Tammaiah est un paysan du village de Naragalu, dans le Karnataka (Inde du sud). Il avait hérité de 1,2 ha de son père, mais ces terres sont peu fertiles et les rendements de l’éleusine (millet)ou du sorgho y sont faibles: il fallait un revenu d’appoint. Comme les possibilités d’emploi agricole au village étaient très faibles en raison de l’absence d’irrigation, Tammaiah décida donc en 1975, à 23 ans, d’émigrer à Bombay, à 1000 km de là, où travaillaient déjà nombre de personnes de la région qui lui avaient indiqué qu’il pourrait trouver un emploi dans un restaurant. C’était le début d’une vie bien peu sédentaire, puisqu’après plusieurs années passées à Bombay, où il put gagner jusqu’à 500 roupies par mois comme serveur, il devint gérant d’une boutique de rationnement à Bangalore (à 150 km du village)où il investit 14 000 Rs. Mais la boutique était au nom d’un beau-frère qui l’escroqua. Tammaiah perdit tout: terrible déception, alors qu’il rêvait de pouvoir vivre enfin avec sa femme, épousée un an après être parti à Bombay. Il demeura alors 7 mois au village, puis, découragé par les faibles ressources de l’environnement (un journalier gagne moins de 10 Rs... quand il trouve du travail), repartit à Bombay. Là bas, il parvint après maint déboires à monter un petit commerce ambulant de snacks, qui lui rapportait souvent 1000 Rs par mois même après paiements de bakchichs à la police et à la mafia locale. Mais le mal du pays aidant, voulant profiter des quelques économies faites, il est rentré au village en 1989.
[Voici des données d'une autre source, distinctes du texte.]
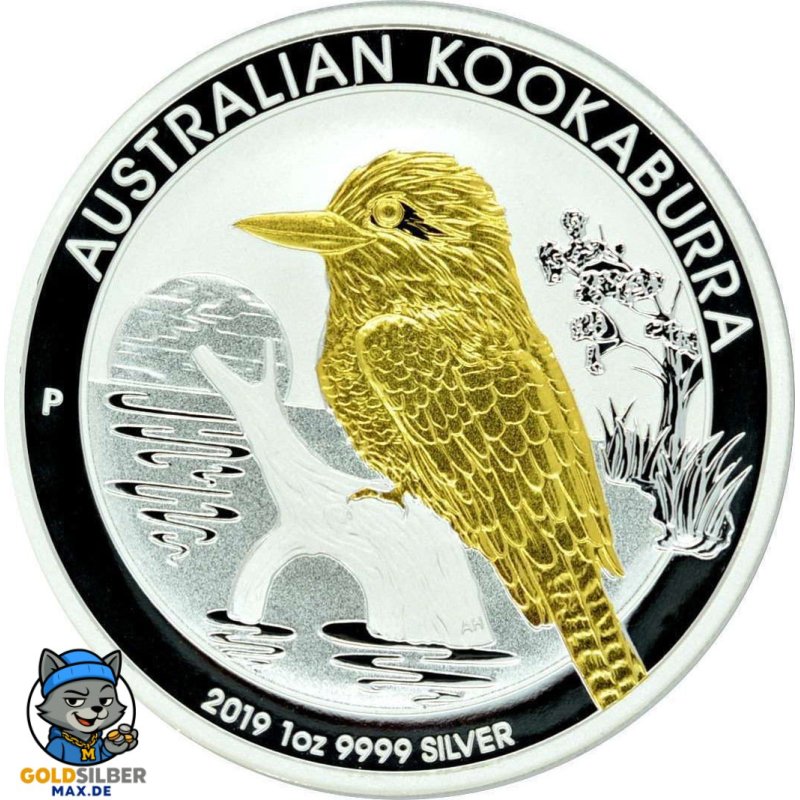 1 Unze Silber Australien Kookaburra 2019 Gilded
Economies? En 15 ans d’absence, Tammaiah a pu acheter 0,7 ha de friches caillouteuses (7000 Rs)et 6 ares irrigués par un étang (7000 Rs); ainsi qu’une maison à un carrefour commercialement actif (30 000 Rs)qu’il veut louer comme fonds de commerce. Il doit aussi payer pour les frasques d’un frère qui fait des dettes et dont il se sent responsable bien qu’ils ne vivent pas ensemble. Enfin, Tammaiah cultive illégalement 0,8 ha de terres publiques qu’il a lui-même aménagées à grand frais: terrasses, tranchée contre le ruissellement... Il va y planter 50 cocotiers car il est sûr que l’administration lui concèdera la parcelle. Ses terres lui rapportent au total 7 q d’éleusine, 1 q de paddy, et de 2 q d’autres grains: c’est assez pour être autosuffisant; du coup sa femme ne travaille plus comme ouvrière agricole, d’autant que sa bufflesse produit du lait qui peut être vendu.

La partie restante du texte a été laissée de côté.